Contextualizing Gerald Ford, II

A quick addition to my previous post. Two links — one from The Nation, the other from Chris Floyd’s Empire Burlesque — sum up the part of the Ford legacy that the mainstream media seems willing to ignore. From Jon Weiner’s Nation post:

Gerald Ford is gone, but he lives on in two of his key appointees: Donald Rumsfeld and Dick Cheney. Their impact on America today is greater than Ford’s, who died Tuesday at 93.

Ford appointed Rumsfeld his chief of staff when he took office after Nixon’s resignation in 1974. The next year, when he made the 42-year-old Rumsfeld the youngest secretary of defense in the nation’s history, he named 34-year-old Dick Cheney his chief of staff, also the youngest ever.
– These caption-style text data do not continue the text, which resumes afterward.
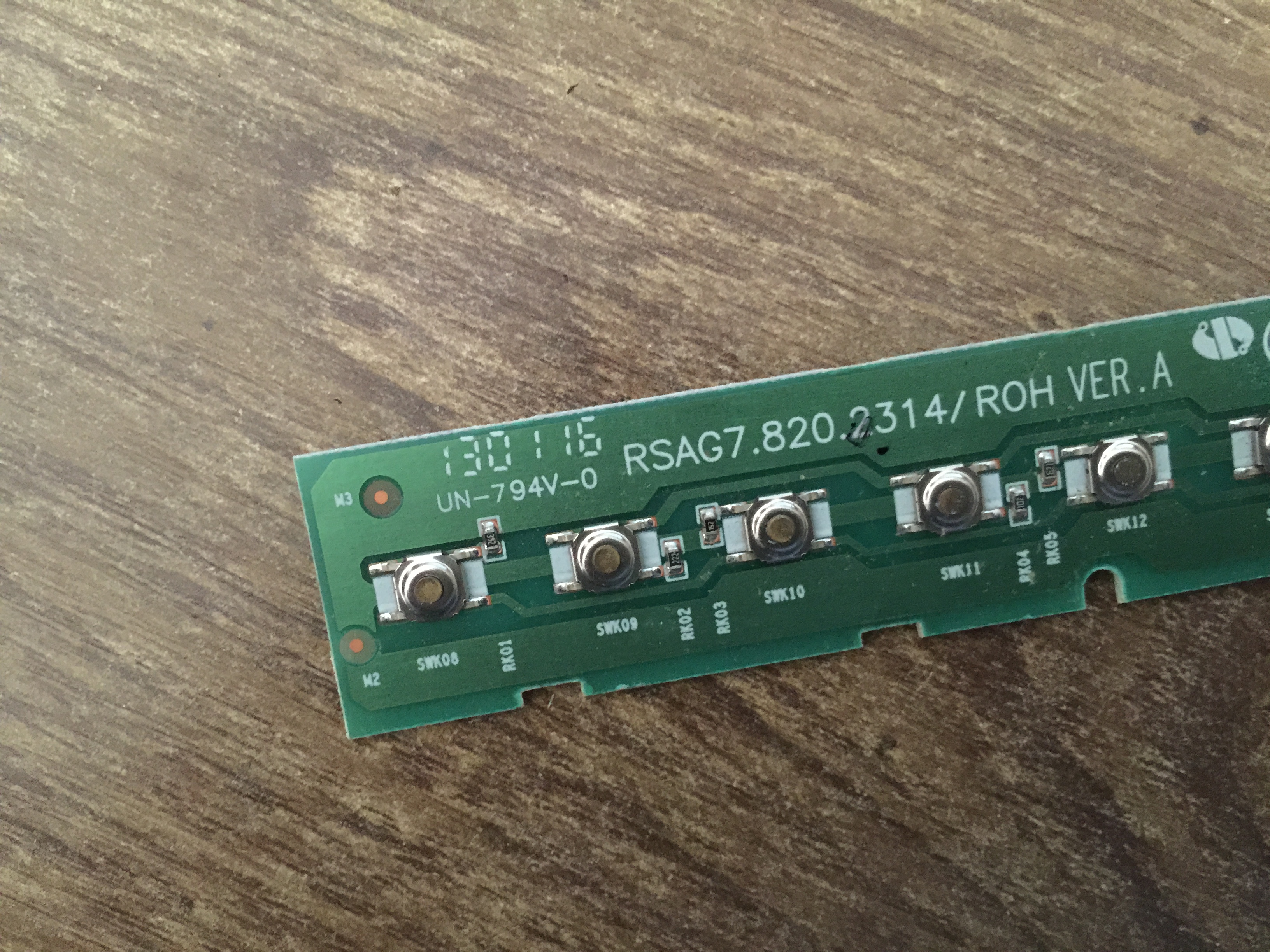 海信LED32K200按键板RSAG7.820.2314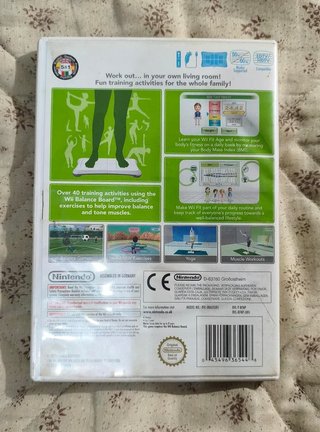 Juego Wii Fit Plus (Disco) en caja de Wii Fit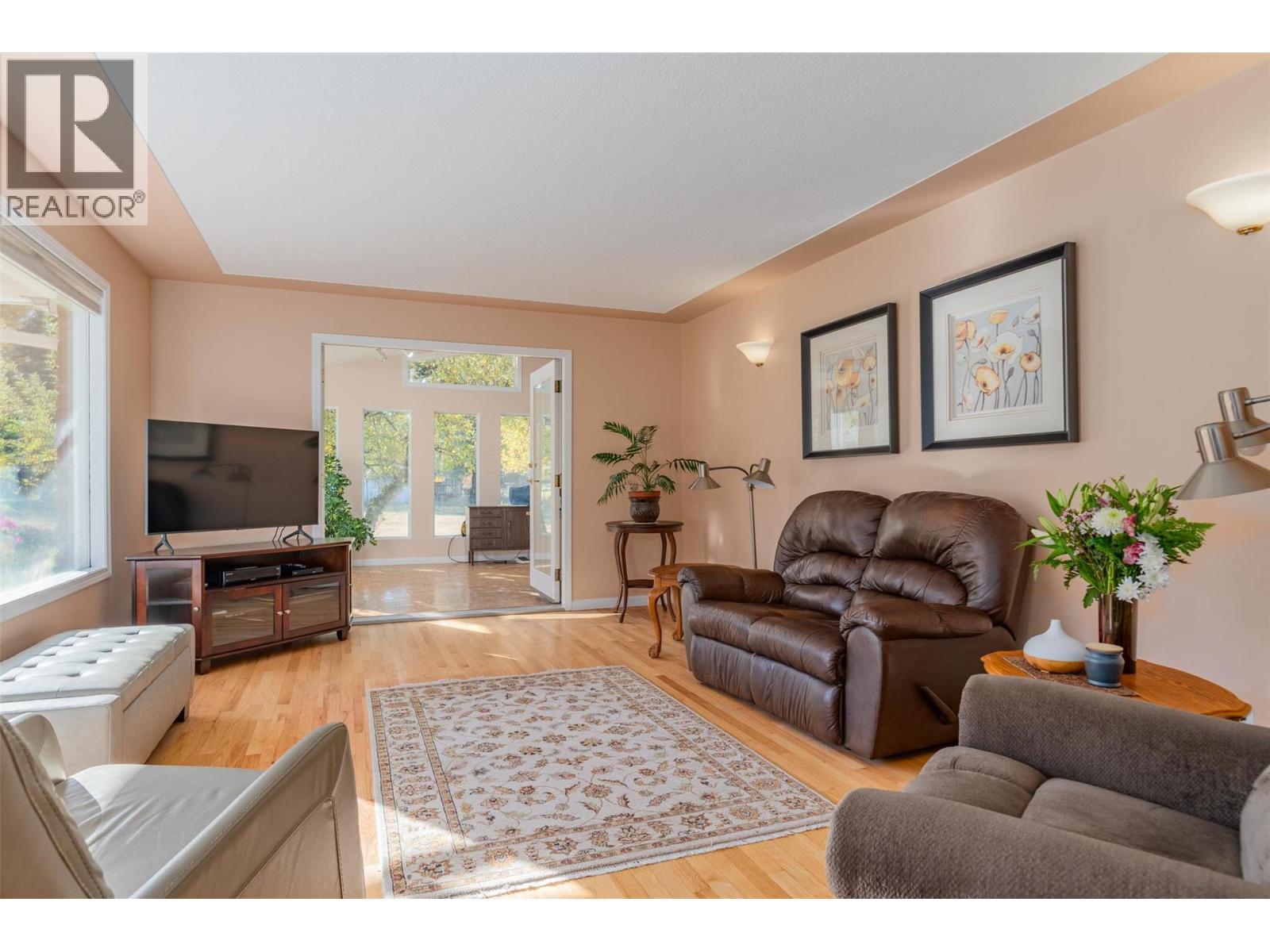 2697 SHOREACRES Road, Castlegar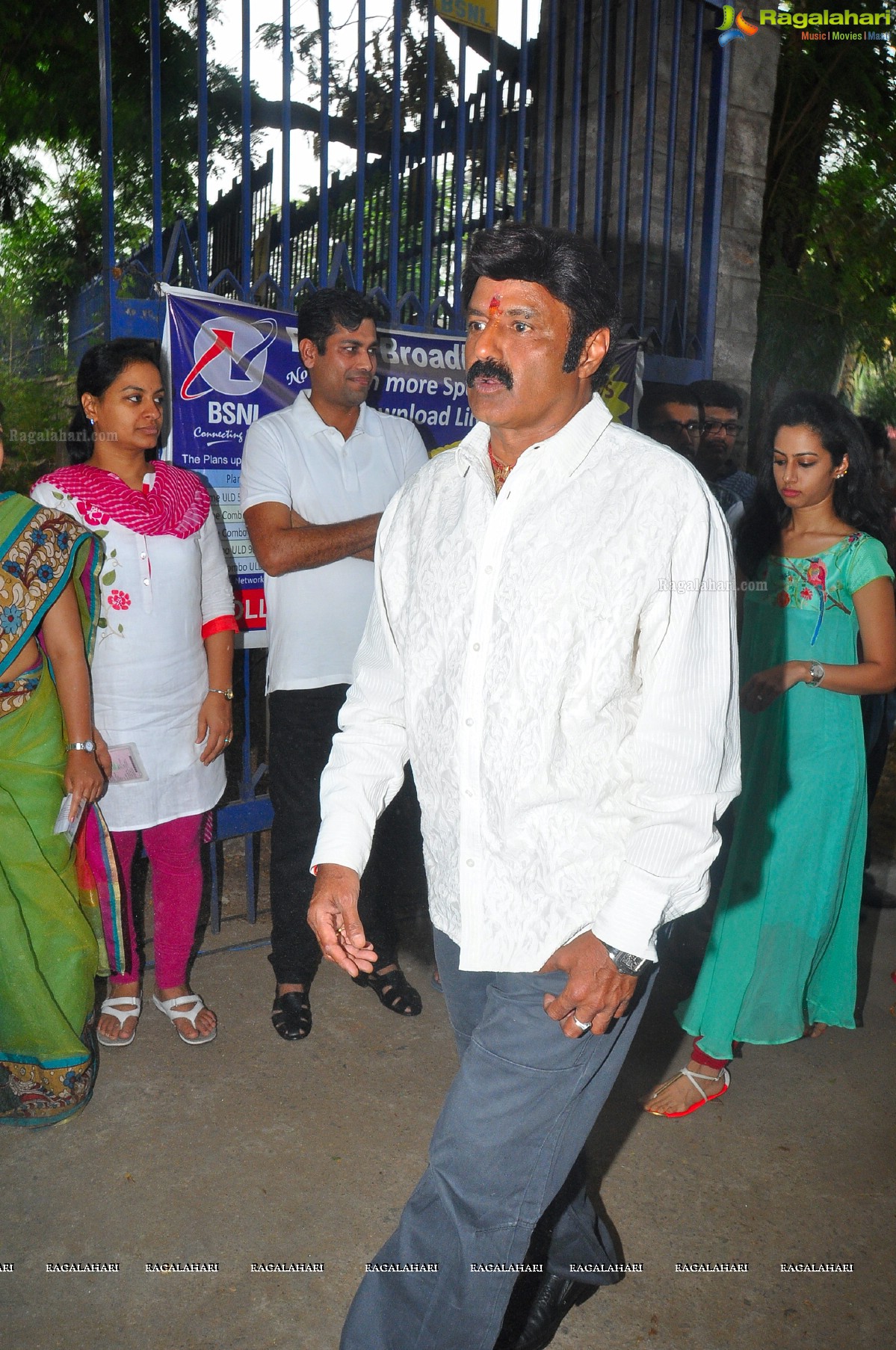 Balakrishna-Nagarjuna casts their votes at Filmnagar Club, Hyderabad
Those two Ford appointees worked together ever since. The Bush White House assertion of unchecked presidential power stems from the lessons they drew from their experience of working for the weakest president in recent American history. “For Dick and Don,” Harold Meyerson wrote in The American Prospect last July, “the frustrations of the Ford years have been compensated for by the abuses of the
Bush years.”

Jerry Ford may not have seen this coming, but this is what we all now have to live with.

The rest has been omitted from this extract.